アルファロメオでは今季限りでのF1引退を表明しているキミ・ライコネンの後任として2022年にバルテリ・ボッタス(現メルセデス)を迎え入れることが決まっているが、そのチームメートに関しては現在F2選手権に参戦している若手ドライバーの中から選択することになるのではないかと考えられている。
フェラーリの支援を受ける27歳のイタリア人ドライバーであるジョビナッツィは、メキシコGP決勝を11位で終えるとゴールした瞬間に無線でチームにこう伝えていた。
「みんな、素晴らしい戦略をありがとう」
11番グリッドからスタートしたジョビナッツィがポイント圏内に順位を上げることなく終えたことに対して本当に感謝していると考えるのには無理があるだろう。

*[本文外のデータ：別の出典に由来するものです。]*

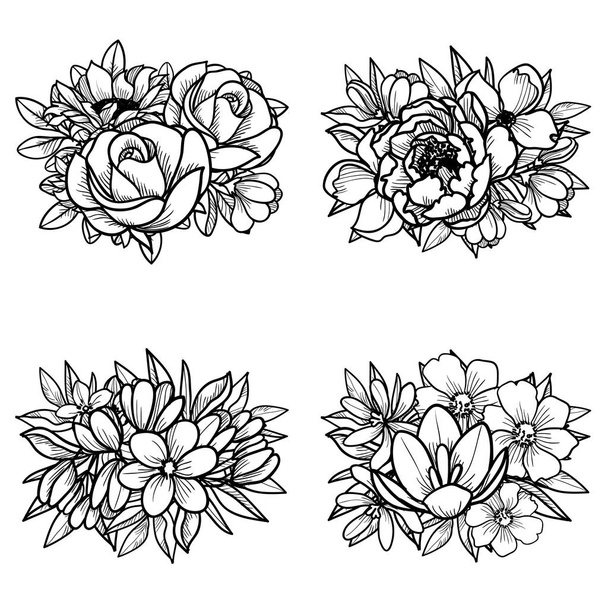 Set of four ornate flower bouquets isolated on white background - Vektori, kuva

実際のところ、ジョビナッツィは自分担当のエンジニアがタイヤ交換のタイミングを誤ったと考えていたようだ。
ジョビナッツィはその後、チームの指示でピットインしてミディアムタイヤからハードタイヤに交換したときのことについてメディアに対してテレビ局『Sky Italia(スカイ・イタリア)』に次のように語った。
「僕は失望しているし、怒りも感じているよ」
「彼ら(チーム)が(ピットに)入るように言ってきて、コースに戻るとリカルド(マクラーレン)とボッタスの後ろだった。彼らはまだストップしていなかったんだ。だからペースはミディアムを履いていたときよりも遅かったよ」
「そのうち、タイヤは完全にだめになったし、僕よりも後で交換したドライバーたちの方が僕よりも速かった。明らかに誤った戦略だったよ」
ジョビナッツィに関しては、第16戦トルコGP決勝でチームオーダーを拒否したことが話題となっていたが、今季限りでアルファロメオを去ることになるのをすでに知っているのではないかとの噂もある。

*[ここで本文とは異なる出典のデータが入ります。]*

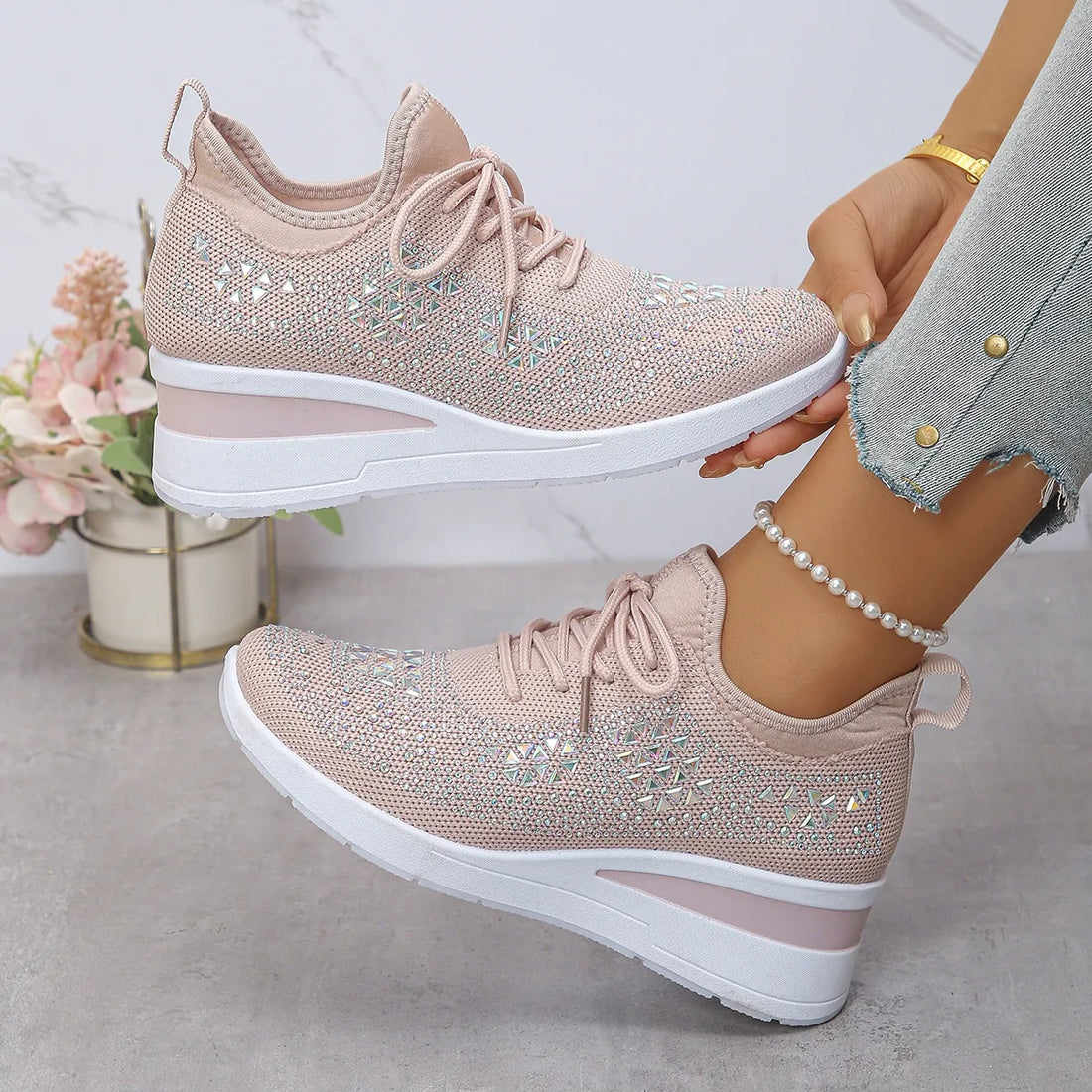 Women's Breathable Mesh Rhinestone Wedge Athletic Sneakers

そのことを示唆してかどうかは不明だが、ジョビナッツィは次のように語っている。
「今日までそれを信じたいとは思っていなかった。だけど、今の僕は本当に失望しているよ」
■「ガレージの両側でルールが違う」とハースのマゼピン
一方、ハースのニキータ・マゼピンもメキシコでエンジニアリングディレクターを務める小松礼雄(こまつあやお)との間にちょっとしたいざこざがあったようだ。

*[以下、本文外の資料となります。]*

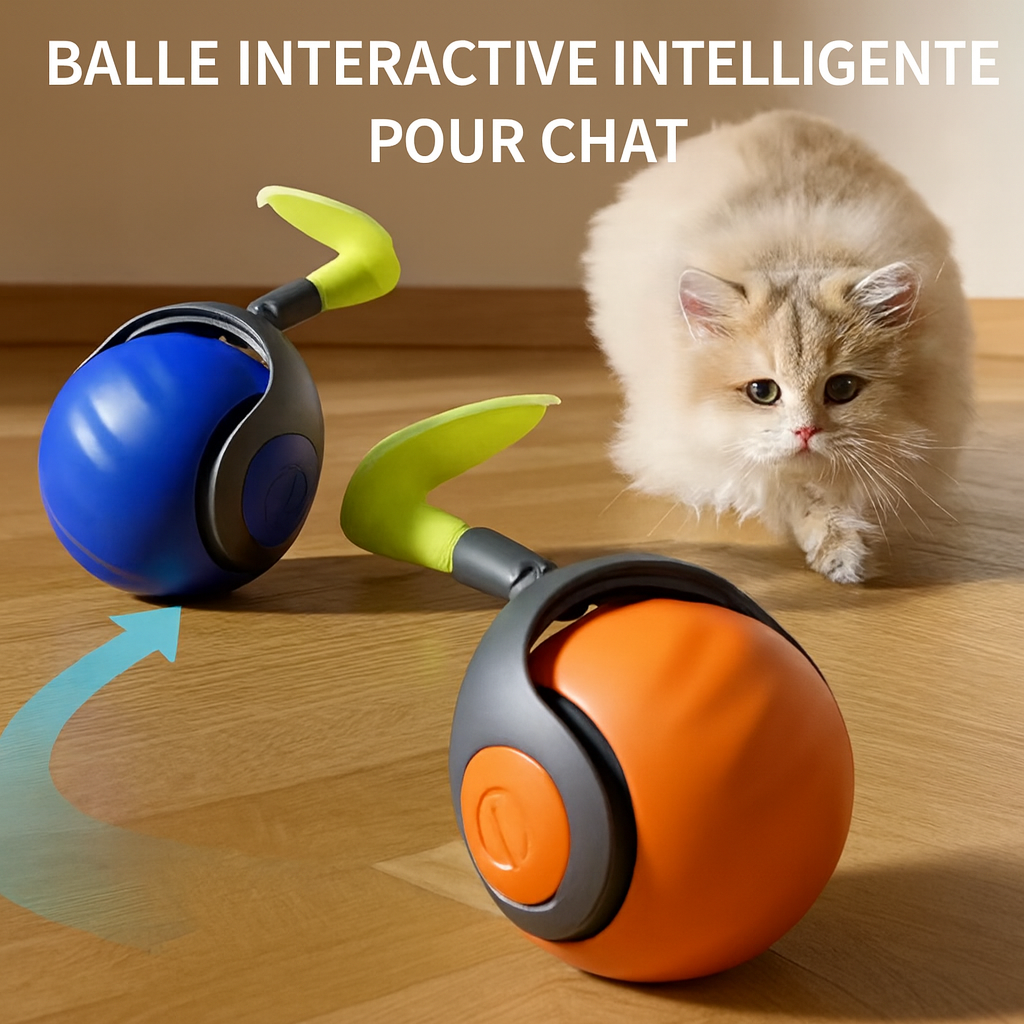 Balle Interactive Intelligente 🐾 Le jouet préféré des chats curieux !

マゼピンは予選でのウォーミングアップラップ中にチームメートのミック・シューマッハとポジションを入れ替えたいと小松ディレクターに伝えていた。それはシューマッハのスピードが遅すぎるからだというのがマゼピンの言い分だった。
だが、小松ディレクターからポジションをそのままキープするように伝えられたマゼピンは「笑っているのか?」と言いがかりをつけたという。
それに対して小松ディレクターは、「僕は笑ってなんかいないよ、ニキータ」と返していた。
その後、マゼピンはメディアに対し、表には出ていないだろうが、こういう状況はハースでは「常に話題になっている」ものだと語り、次のように続けた。
「ザントフォールト(第13戦オランダGP)で彼(シューマッハ)が僕を追い抜いたときもそうだった。僕はこう言われたよ。これはドライバーが違うやり方でタイヤを作動させる場合においてのみ可能なことだとね」
「ガレージの両側でルールが少しばかり違うように見えるんだよね」
「僕は自分自身が困難な状況に置かれていることに気付いているよ。実際のところ、こういうことは以前にもあったからね」
「きっと、僕はそれを乗り越えるだろう。だけど、今は僕にとって楽な時期ではないよ」
いずれも22歳のマゼピンとシューマッハだが、最近では両者の関係が悪化していると考えられている。そして、この2人は2022年もハースのチームメートとして共に戦うことになっている。